L’état d’urgence permet une multiplication vertigineuse des possibilités d’action des organes de l’état pour garantir la sécurité. Depuis le Décret l’instituant, certaines procédures telles que des perquisitions administratives, des assignations à résidence expresses ou encore des interpellations en chaîne ont pu être valablement administrées sur l’ensemble du territoire. Si le prompt recours à l’état d’urgence par décret ne peut être contesté en aucun cas sur sa régularité et sera aisément justifié par l’efficience des services de police au regard de l’intervention meurtrière du 18 Novembre à Saint Denis, c’est sa prorogation de trois mois qui interpelle.
En effet, dans le respect de l’article 3 de la loi de 1955 qui l’impose, l’état d’urgence ne peut durer plus de douze jours et sa prorogation doit être autorisée par une loi. Le 23 Novembre une loi de prorogation a été prise presque à l’unanimité par l’Assemblée Nationale en parallèle des manœuvres internationales du Président François Hollande pour satisfaire à la sécurité et adresser une réponse sanglante à la tragédie parisienne. La réplique a en façade le mérite d’être éclaire, visible et menaçante mais en réalité elle est à la fois irrégulière et inconsidérée.
L’essence même de l’état d’urgence est de répondre par des mesures exceptionnelles à un « péril imminent ». C’est l’urgence qui justifie les entorses aux procédures classiques et la violation de certaines libertés.
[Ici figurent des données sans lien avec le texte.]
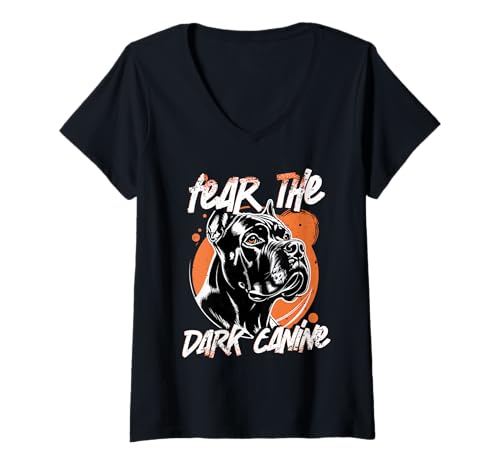 Damen Cane Corso Hund Fear The Dark Canine T-Shirt mit V-Ausschnitt Damen Cane Corso Hund Fear The Dark Canine T-Shirt mit V-Ausschnitt von Cane Corso Hund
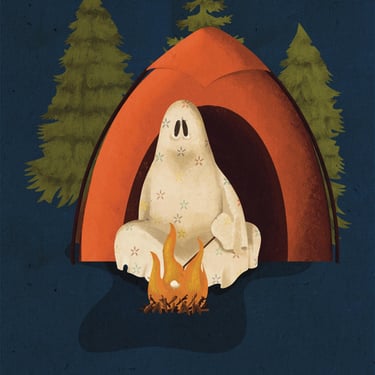 Camping Ghost Art Print 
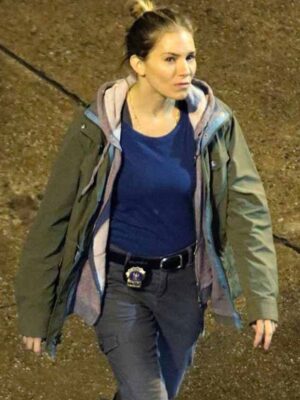21 Bridges Sienna Miller Green Cotton Hood Jacket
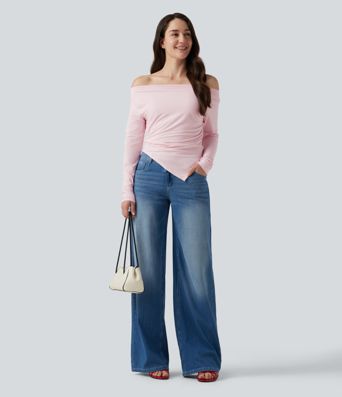 Boat Neck Long Sleeve Ruched Uneven Hem Casual Top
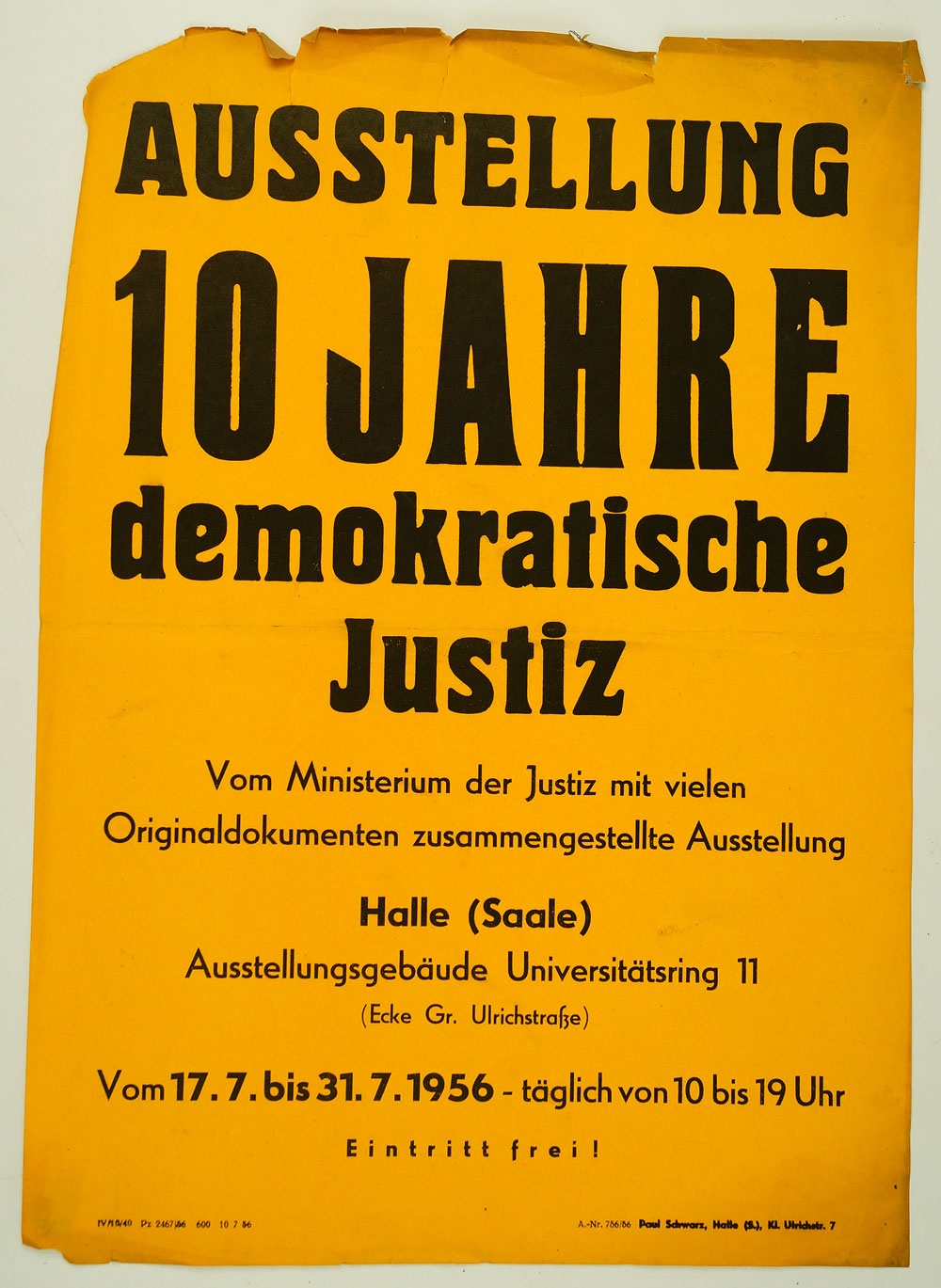 Plakat "10 Jahre demokratische Justiz", 1956 (Museum Weißenfels - Schloss Neu-Augustusburg CC BY-NC-SA)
Dans l’urgence il faut agir furtivement pour empêcher que le péril imminent ne se transforme en désastre mais aussi parce que les pouvoirs d’exceptions sont enfermés dans un délai très court de douze jours dans le but de garantir le respect de l’Etat de droit. Si l’urgence doit être caractérisée pour instaurer un tel état et le justifier valablement, il est nécessaire que celle-ci perdure tout au long de la durée impartie. Or, au moment de la prolongation de l’état d’urgence par l’Assemblée Nationale, l’ensemble du commando assassin n’était plus en vie à l’exception de Salah Abdeslam, qui est toujours en fuite et selon les dernières informations aurait rejoint la Syrie.
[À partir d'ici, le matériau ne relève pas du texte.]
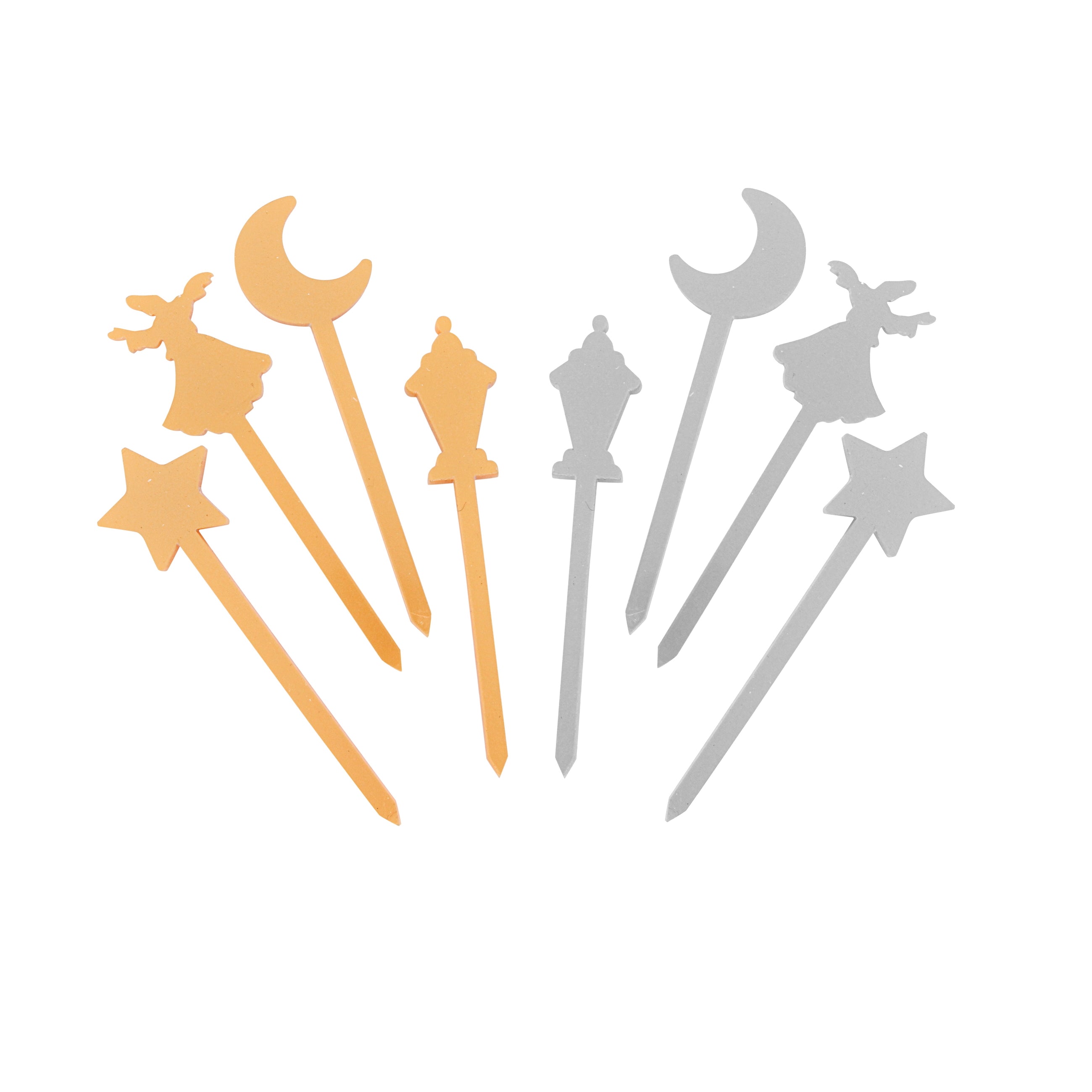 The Ramadan Acrylic Set of Four Food Picks in Silver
L’urgence n’est donc plus caractérisée par la présence sur le territoire des assaillants et le « péril imminent » a été éradiqué. Bien que la menace d’une itération d’attentat plane toujours dangereusement sur la France et ait été réaffirmée par l’état major de DAESH, le « péril imminent » nécessaire à la mise en place de l’état d’urgence n’est plus caractérisé et en conséquence la mesure est vidée de sa raison d’être.
Ainsi, lorsque l’Assemblée Nationale décide le prolongement de 3 mois d’une mesure nécessitant un « péril imminent » qui n’existe plus, elle adoube solennellement toutes les conséquences liberticides de sa mise en œuvre. Dès lors, il ne s’agirait plus d’une mesure d’exception mais de la situation de principe que doit adopter la France dès que la menace pèse sur elle, ce qui est irrémédiablement inconciliable avec la pérennité de l’Etat de droit.
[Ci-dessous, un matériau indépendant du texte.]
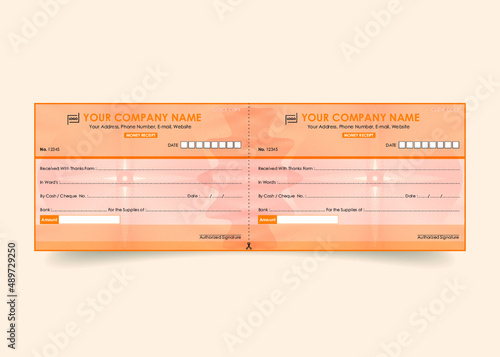 Money Receipt template vector design Premium
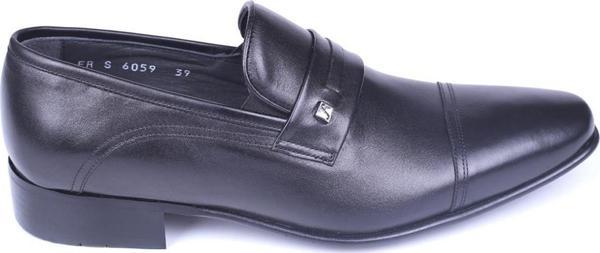 Fosco 6059 Erkek Siyah Hakiki Deri Bağcıksız Klasik Ayakkabı - Image 1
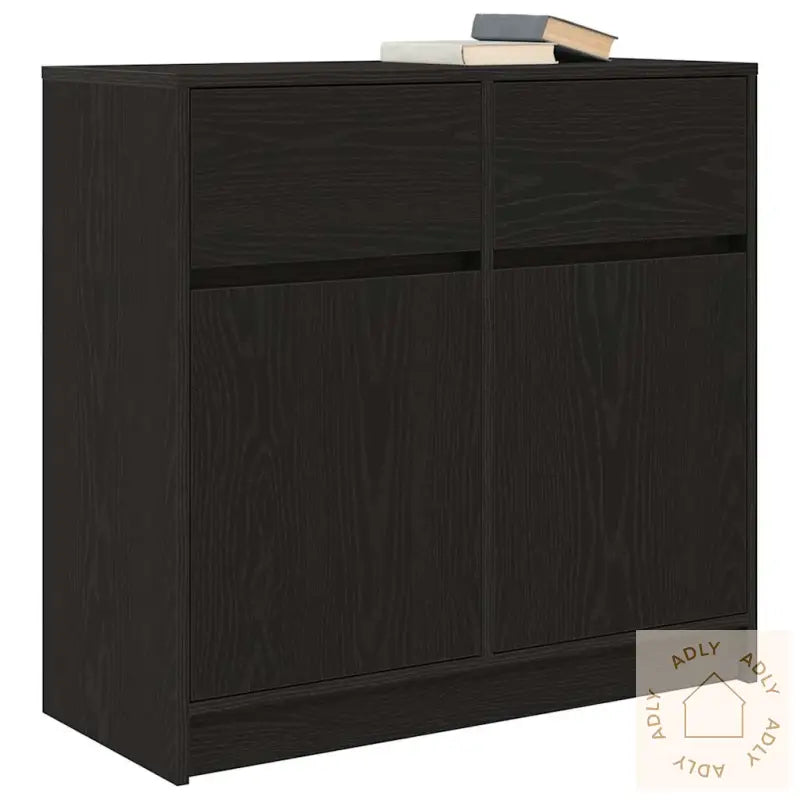 Skjenk Med Skuff Svart Eik 80X34X76 Cm Konstruert Tre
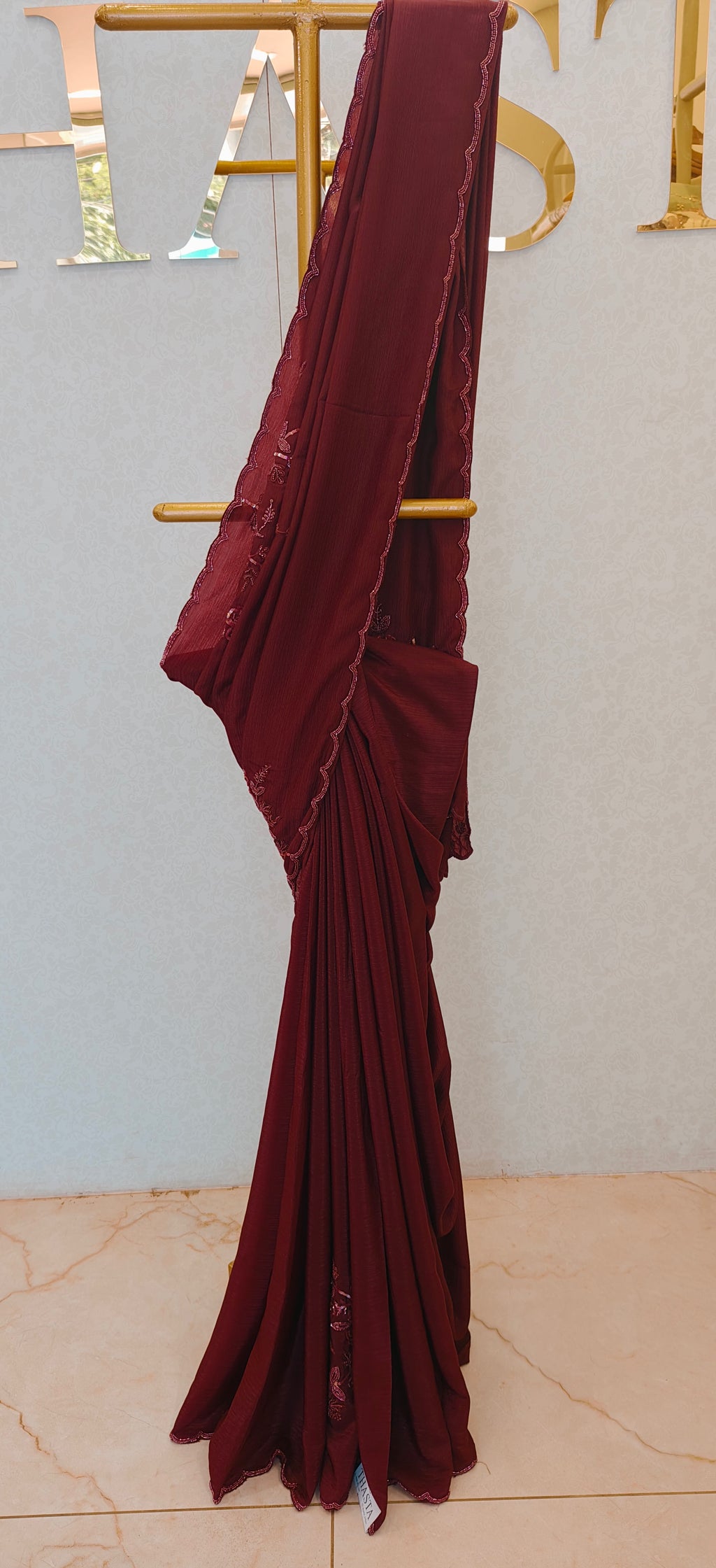 FLOWY CRUSH ORGANZA SAREE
Si la prorogation peut produire ses effets pour trois mois, pourquoi pas six, neuf ou même une année ? Si DAESH ne s’est pas élevé en deux jours, le démanteler ne le sera certainement pas en si peu de temps et qui sait quelle manœuvre politicienne pourrait entraîner les représentants français à prolonger l’état d’urgence pour « rassurer » les français.
En revanche, une chose est sûre, si les arguments qui corroborent la dérogation à la lettre de la loi sont aussi probants que ceux précédemment avancés, il ne fait aucun doute qu’il sera facile de justifier l’existence d’un régime d’urgence, sous couvert de sécurité, en dépit de l’Etat de droit.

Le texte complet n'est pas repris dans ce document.